■ **WORK TO BE COMPLETED**: Repeat the lines of the material below exactly, beginning at the one with "Underside view of" and stopping after the last.

■ **DATA**:
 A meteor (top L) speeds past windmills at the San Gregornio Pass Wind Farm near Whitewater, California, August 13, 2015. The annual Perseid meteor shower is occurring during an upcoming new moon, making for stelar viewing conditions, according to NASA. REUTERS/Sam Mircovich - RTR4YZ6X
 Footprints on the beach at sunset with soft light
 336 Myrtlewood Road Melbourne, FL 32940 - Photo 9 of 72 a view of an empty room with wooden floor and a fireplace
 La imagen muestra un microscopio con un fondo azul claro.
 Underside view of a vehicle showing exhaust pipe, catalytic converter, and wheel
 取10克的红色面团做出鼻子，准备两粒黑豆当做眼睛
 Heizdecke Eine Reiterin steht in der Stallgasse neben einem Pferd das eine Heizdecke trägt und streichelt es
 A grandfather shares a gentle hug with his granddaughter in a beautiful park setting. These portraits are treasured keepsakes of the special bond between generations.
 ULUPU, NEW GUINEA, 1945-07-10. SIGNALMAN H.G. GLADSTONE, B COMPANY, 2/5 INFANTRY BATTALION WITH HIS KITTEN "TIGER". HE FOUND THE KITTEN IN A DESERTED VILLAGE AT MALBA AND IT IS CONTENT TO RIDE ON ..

■ **ANSWER TO THE EXERCISE**:
 Underside view of a vehicle showing exhaust pipe, catalytic converter, and wheel
 取10克的红色面团做出鼻子，准备两粒黑豆当做眼睛
 Heizdecke Eine Reiterin steht in der Stallgasse neben einem Pferd das eine Heizdecke trägt und streichelt es
 A grandfather shares a gentle hug with his granddaughter in a beautiful park setting. These portraits are treasured keepsakes of the special bond between generations.
 ULUPU, NEW GUINEA, 1945-07-10. SIGNALMAN H.G. GLADSTONE, B COMPANY, 2/5 INFANTRY BATTALION WITH HIS KITTEN "TIGER". HE FOUND THE KITTEN IN A DESERTED VILLAGE AT MALBA AND IT IS CONTENT TO RIDE ON ..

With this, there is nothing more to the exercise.